RESERVOIR DOGS (1992), Not Directed by Ringo Lam
It's a fine, fine line between 'homage' and 'rip-off'. That line is trod to a greater or lesser degree by a lot of the movies on this list, and whenever someone remakes or adapts a film by another director, no matter how careful they are to pay tribute to their inspiration, someone's not going to get the message. (For a prime example of this, consider how much heat Martin Scorsese took for The Departed, even though he not only openly acknowledged the influence of Infernal Affairs, but credited its writer on screen.) The line gets a little more smudged when the director is an inveterate film buff who makes no secret of sampling bits and pieces of his favorite flicks in everything he does, and whose notion of a tribute is very similar to many people's notion of a wholesale theft, and nowhere is this more apparent than in Quentin Tarantino's Reservoir Dogs.
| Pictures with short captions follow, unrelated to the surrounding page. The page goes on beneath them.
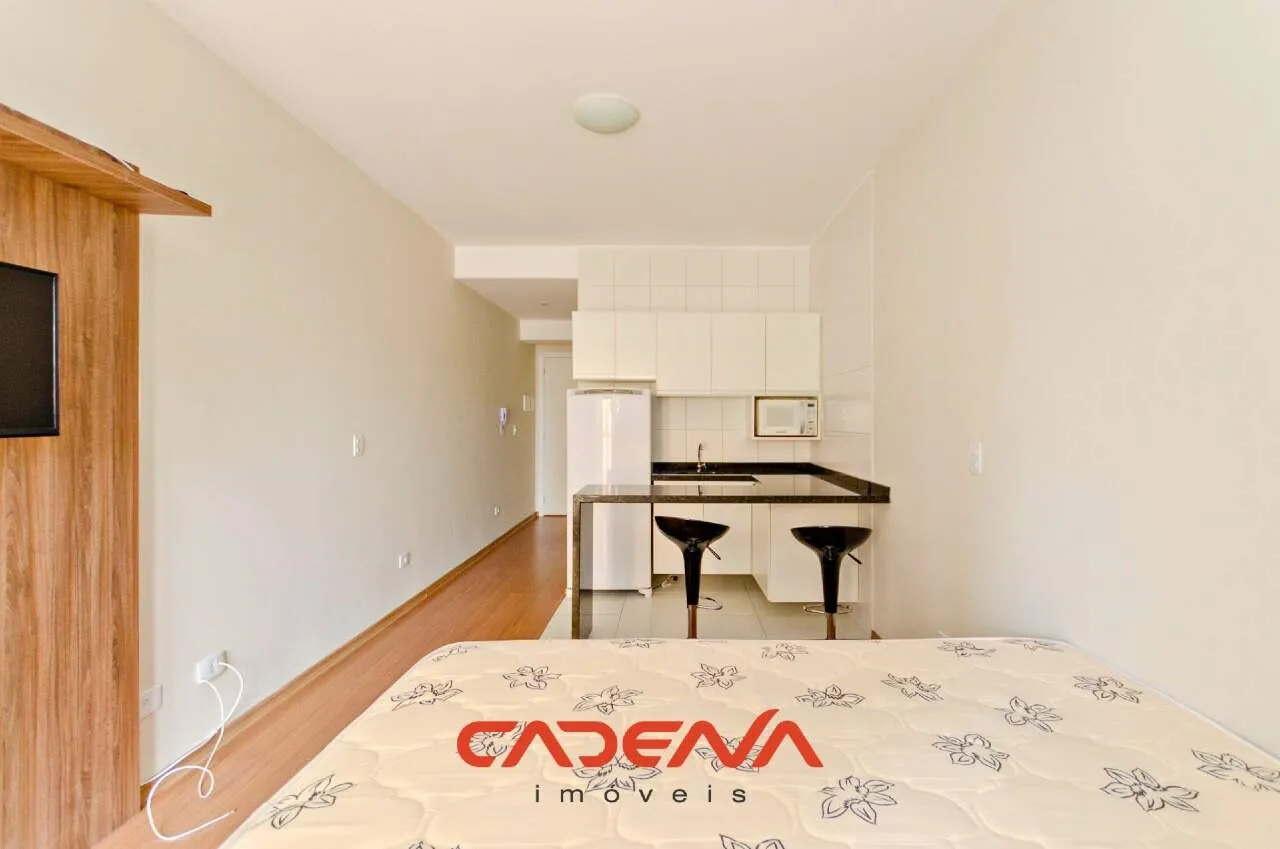 42 m² unfurnished studio with open kitchen and wood floors — photo 9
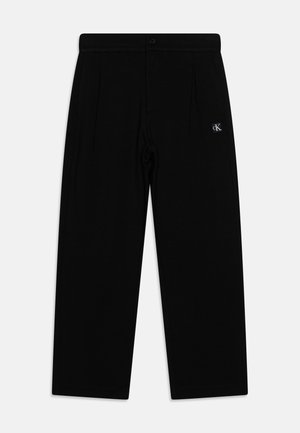 Pantaloni neri plissettati realizzati in un tessuto morbido. Presentano una vita con chiusura a bottone e un piccolo logo taglia sul lato. Vestibilità dritta e sartoriale.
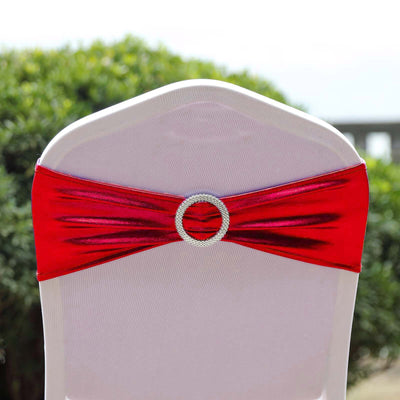 Red satin chair sash with rhinestone buckle, elegantly draped on a white chair.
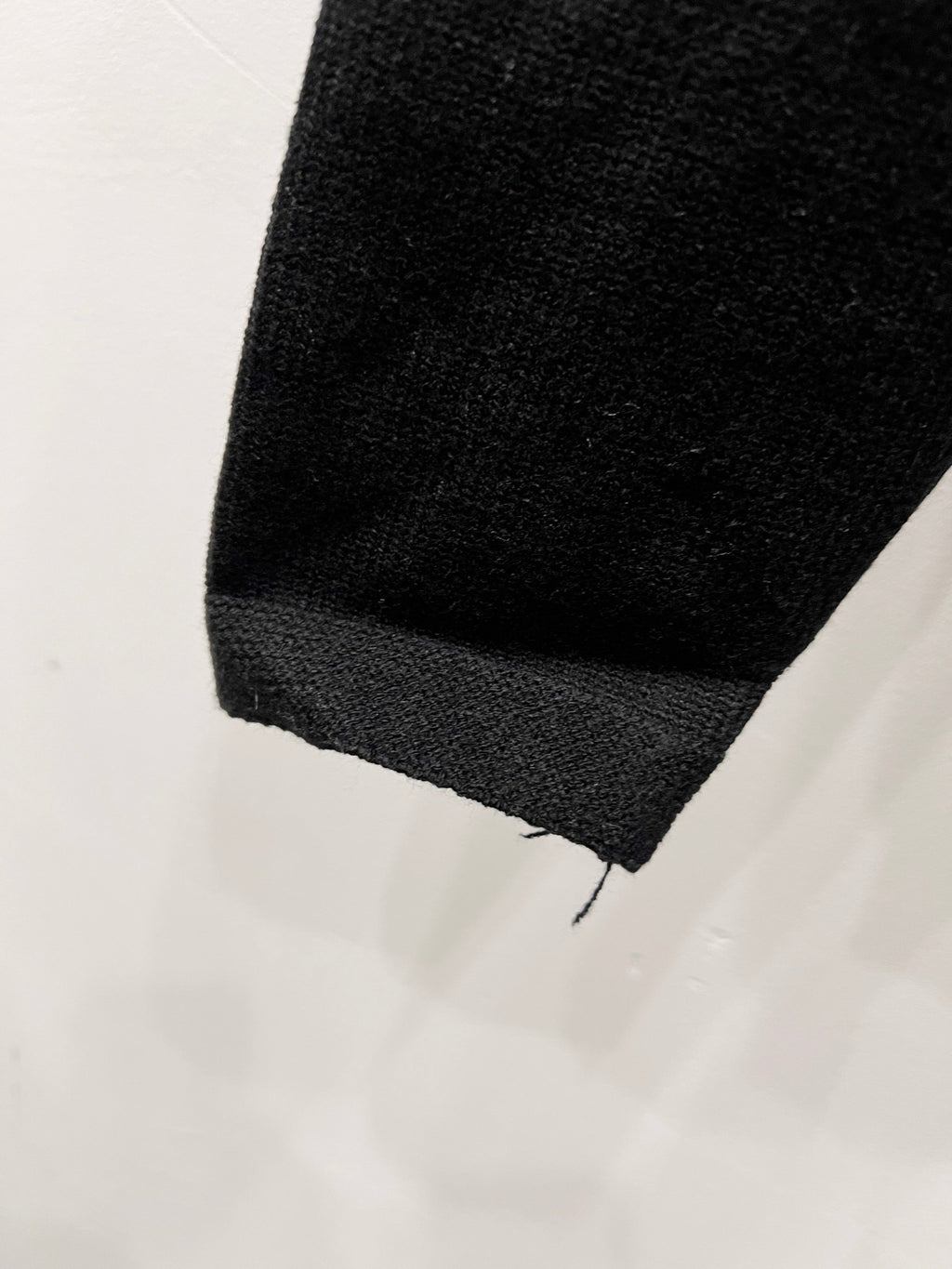 Black sweater sleeve cuff close-up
So similar is the film to Ringo Lam's 1987 Hong Kong gangster exercise City On Fire – they share a major plot point, similar styles and costumes, bits of dialogue, and even two scenes in their entirety – that it pretty much completely eradicates that line between tribute and remake. For Tarantino's part, he cites City On Fire as a favorite, but denies that his first major success as a director rips it off; at least one vocal opponent, filmmaker Mike White, did an entire short called Who Do You Think You're Fooling? comparing the two movies frame for frame and excoriating Tarantino for not giving Lam proper credit. To many, Reservoir Dogs is one of the best and most original independent films ever made, a movie that literally changed the face of moviemaking in its time; to others, it's just the best movie that Ringo Lam already made.